- PROBLEM REQUIREMENTS
The material below holds a span beginning at the line with "Aranyozott hegyikristály Shakyamuni" and ending at the line with "SPORE 30oz กระเป๋าเครื่องดื่มแบบพกพา". Quote that span exactly, both ends included, and only that span.

- ENTRIES SUPPLIED
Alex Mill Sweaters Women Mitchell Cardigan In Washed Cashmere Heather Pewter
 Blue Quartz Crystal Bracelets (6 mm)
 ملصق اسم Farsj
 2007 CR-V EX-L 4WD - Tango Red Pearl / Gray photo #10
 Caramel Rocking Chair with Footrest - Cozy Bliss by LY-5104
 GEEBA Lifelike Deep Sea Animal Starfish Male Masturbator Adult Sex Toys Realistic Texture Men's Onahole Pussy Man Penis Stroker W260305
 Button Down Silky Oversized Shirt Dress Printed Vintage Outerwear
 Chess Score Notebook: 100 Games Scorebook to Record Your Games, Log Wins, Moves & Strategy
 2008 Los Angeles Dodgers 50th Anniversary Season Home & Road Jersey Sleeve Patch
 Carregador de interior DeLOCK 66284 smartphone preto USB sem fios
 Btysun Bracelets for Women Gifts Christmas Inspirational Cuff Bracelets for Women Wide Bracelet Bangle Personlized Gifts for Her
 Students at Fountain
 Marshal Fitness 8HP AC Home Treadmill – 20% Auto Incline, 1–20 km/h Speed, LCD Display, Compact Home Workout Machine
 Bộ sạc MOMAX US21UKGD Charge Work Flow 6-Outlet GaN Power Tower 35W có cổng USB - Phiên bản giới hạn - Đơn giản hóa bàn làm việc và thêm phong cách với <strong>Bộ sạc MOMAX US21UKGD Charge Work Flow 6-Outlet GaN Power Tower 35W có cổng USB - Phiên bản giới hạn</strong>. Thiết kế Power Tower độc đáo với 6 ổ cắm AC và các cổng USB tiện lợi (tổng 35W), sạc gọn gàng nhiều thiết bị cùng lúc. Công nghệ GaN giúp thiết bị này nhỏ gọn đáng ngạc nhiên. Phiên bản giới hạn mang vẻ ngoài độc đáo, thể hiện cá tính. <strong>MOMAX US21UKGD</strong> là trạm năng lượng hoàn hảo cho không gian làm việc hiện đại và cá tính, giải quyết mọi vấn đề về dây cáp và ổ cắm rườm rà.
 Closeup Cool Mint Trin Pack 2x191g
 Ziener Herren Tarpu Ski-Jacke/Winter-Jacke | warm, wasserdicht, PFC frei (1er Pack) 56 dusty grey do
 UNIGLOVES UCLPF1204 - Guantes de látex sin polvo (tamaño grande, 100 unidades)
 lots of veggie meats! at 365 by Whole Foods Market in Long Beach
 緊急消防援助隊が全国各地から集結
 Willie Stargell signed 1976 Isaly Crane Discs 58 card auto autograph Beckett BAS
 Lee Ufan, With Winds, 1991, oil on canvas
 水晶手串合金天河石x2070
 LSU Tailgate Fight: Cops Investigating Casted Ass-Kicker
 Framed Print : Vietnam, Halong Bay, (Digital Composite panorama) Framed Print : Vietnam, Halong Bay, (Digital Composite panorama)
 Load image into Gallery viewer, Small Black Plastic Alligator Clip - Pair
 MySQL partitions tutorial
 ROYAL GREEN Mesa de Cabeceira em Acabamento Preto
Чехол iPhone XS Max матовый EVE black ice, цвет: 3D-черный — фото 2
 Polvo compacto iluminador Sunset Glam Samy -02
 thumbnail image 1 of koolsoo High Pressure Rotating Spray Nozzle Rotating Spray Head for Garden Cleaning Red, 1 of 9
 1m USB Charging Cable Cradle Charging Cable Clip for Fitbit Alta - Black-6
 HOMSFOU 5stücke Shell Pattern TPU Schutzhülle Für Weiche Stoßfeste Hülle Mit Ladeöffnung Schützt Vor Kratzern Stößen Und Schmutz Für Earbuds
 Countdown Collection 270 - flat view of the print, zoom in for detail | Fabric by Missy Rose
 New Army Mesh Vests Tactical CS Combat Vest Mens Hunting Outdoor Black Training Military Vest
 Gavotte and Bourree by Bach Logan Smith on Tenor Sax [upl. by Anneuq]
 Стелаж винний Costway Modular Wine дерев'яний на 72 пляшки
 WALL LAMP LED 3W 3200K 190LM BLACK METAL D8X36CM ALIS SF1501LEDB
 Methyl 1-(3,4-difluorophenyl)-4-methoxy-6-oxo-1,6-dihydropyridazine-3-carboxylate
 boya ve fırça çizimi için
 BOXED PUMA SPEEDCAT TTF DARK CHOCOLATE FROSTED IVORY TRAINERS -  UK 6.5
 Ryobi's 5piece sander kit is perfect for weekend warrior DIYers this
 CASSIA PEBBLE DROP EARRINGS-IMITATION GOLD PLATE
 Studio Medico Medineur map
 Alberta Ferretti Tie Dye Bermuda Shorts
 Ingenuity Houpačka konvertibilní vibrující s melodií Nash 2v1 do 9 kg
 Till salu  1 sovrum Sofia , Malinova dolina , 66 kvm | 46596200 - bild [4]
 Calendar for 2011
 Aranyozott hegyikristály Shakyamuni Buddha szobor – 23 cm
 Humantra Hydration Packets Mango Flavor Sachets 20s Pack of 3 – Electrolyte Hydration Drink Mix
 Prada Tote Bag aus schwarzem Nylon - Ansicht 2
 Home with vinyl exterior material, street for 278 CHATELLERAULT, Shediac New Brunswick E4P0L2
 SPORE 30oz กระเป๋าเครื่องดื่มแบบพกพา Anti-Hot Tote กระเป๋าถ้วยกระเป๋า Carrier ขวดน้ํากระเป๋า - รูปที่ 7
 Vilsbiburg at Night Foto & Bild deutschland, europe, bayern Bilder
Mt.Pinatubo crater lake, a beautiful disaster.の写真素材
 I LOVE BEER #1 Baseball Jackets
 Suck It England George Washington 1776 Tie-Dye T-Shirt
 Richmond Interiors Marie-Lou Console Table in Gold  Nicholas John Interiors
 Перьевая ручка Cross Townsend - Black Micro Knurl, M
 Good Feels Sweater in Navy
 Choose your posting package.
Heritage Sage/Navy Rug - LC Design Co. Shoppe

- RESULT
 Aranyozott hegyikristály Shakyamuni Buddha szobor – 23 cm
 Humantra Hydration Packets Mango Flavor Sachets 20s Pack of 3 – Electrolyte Hydration Drink Mix
 Prada Tote Bag aus schwarzem Nylon - Ansicht 2
 Home with vinyl exterior material, street for 278 CHATELLERAULT, Shediac New Brunswick E4P0L2
 SPORE 30oz กระเป๋าเครื่องดื่มแบบพกพา Anti-Hot Tote กระเป๋าถ้วยกระเป๋า Carrier ขวดน้ํากระเป๋า - รูปที่ 7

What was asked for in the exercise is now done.